Mercer’s Pensions Risk Survey data shows that the accounting deficit of defined benefit (DB) pension schemes and other post-retirement benefit plans for the UK’s 350 largest listed companies rose by £6bn over the course of October, standing at £94bn at the end of the month, an increase from £88bn at the end of September. The increase was driven by a £36bn increase in liabilities from £895bn at 30 September 2021 to £931bn at the end of October caused by a fall in corporate bond yields. Asset values increased to £837bn compared to £807bn at the end of September. Over the month the deficit varied from £93bn to £118bn.

 “Our recent survey with the CBI highlighted that employers continue to feel weighed down by the cost of managing DB pension schemes. This month’s data reinforces the challenges still faced by many schemes despite positive momentum on the asset side,” said Tess Page, UK Wealth Trustee Leader at Mercer: “Inflation remains above the Bank of England target, and implied future inflation is also elevated.

 “In a week when focus is rightly on climate change, this is a timely reminder that interest rates and inflation remain top of the risk list for many pension schemes.

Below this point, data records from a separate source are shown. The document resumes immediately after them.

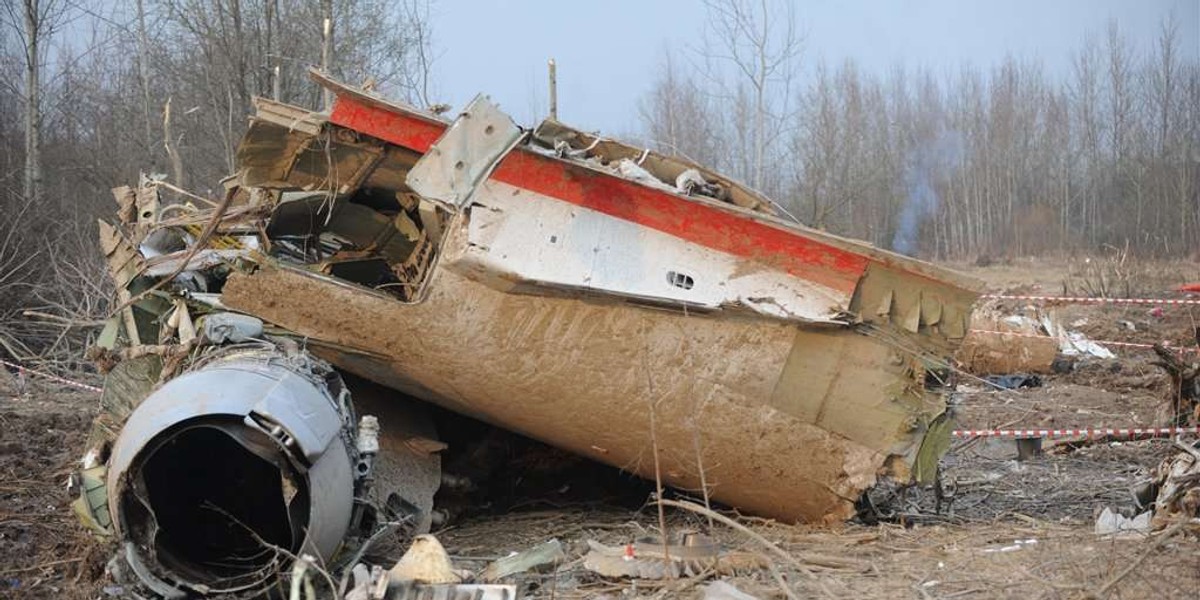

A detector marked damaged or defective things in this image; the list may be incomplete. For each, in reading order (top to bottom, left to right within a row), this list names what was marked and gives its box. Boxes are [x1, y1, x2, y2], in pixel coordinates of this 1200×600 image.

broken aircraft frame [79, 71, 984, 596]
crashed aircraft fuselage [89, 72, 980, 592]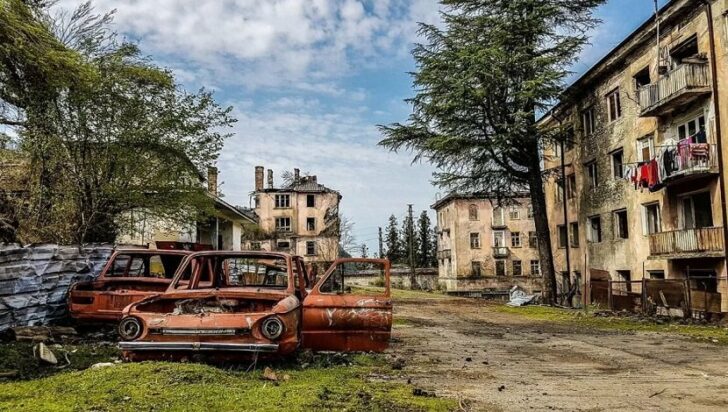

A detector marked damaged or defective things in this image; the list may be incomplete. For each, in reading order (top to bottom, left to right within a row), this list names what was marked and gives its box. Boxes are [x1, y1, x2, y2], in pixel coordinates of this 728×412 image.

broken window [604, 87, 624, 121]
broken window [274, 216, 292, 232]
broken window [584, 216, 604, 241]
peeling plaster wall [0, 245, 113, 332]
broken car body [68, 248, 191, 322]
red rusted car [69, 248, 191, 322]
rusty car [68, 248, 192, 322]
rusty car [116, 251, 392, 358]
red rusted car [118, 249, 392, 358]
broken car body [118, 251, 392, 358]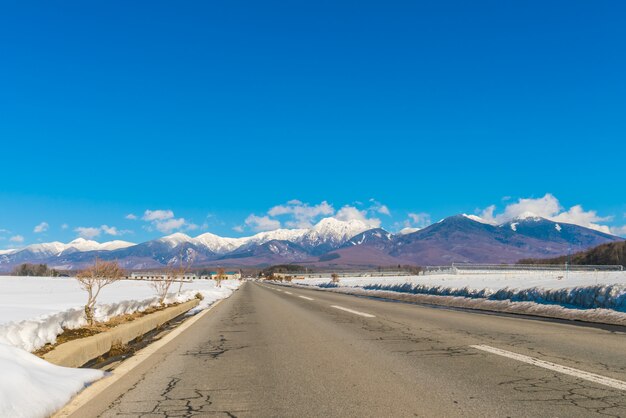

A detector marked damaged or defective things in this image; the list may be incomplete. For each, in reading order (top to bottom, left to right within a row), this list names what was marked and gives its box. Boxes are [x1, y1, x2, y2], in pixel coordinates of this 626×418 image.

cracked pavement [69, 282, 624, 416]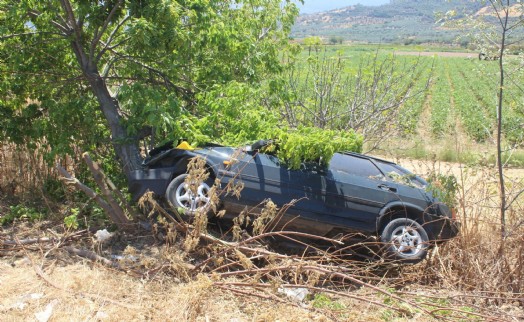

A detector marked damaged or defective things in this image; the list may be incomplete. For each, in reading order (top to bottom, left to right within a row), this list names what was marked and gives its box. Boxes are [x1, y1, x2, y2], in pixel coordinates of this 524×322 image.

crashed car [130, 140, 458, 262]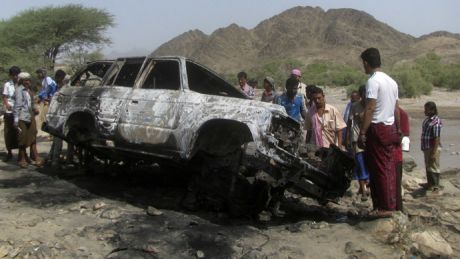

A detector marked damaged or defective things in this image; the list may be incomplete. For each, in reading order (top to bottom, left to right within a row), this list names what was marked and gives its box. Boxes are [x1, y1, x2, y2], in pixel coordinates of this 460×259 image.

burned car wreck [44, 55, 352, 216]
charred suv [44, 57, 352, 217]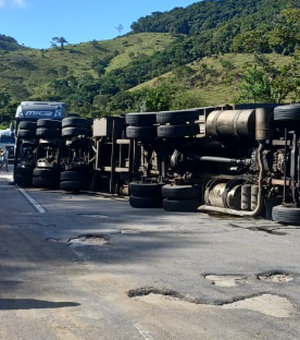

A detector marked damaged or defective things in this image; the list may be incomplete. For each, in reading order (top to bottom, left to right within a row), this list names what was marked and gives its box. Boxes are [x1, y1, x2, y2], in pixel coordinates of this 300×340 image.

exposed truck wheel [129, 181, 164, 197]
exposed truck wheel [162, 185, 199, 201]
exposed truck wheel [272, 205, 300, 226]
road pothole [130, 288, 296, 318]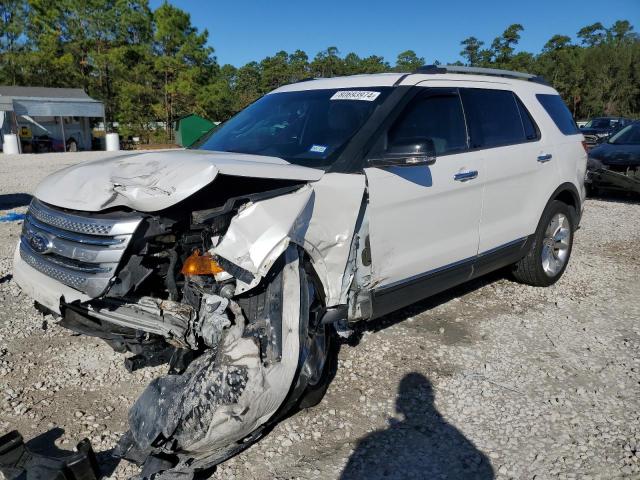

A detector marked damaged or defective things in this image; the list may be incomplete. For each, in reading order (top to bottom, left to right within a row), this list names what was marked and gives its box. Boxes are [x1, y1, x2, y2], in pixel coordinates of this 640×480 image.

crumpled hood [32, 149, 322, 211]
damaged front end [11, 169, 364, 476]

Along with planning their climate change risk strategy, Trustees should consider reviewing their approach to hedging assets and liabilities to ensure their strategy remains optimal.”

 Mercer’s Pensions Risk Survey data relates to about 50% of all UK pension scheme liabilities, with analysis focused on pension deficits calculated using the approach companies have to adopt for their corporate accounts. The data underlying the survey is refreshed as companies report their year-end accounts. Other measures are also relevant for trustees and employers considering their risk exposure. Data published by the Pensions Regulator and elsewhere tells a similar story.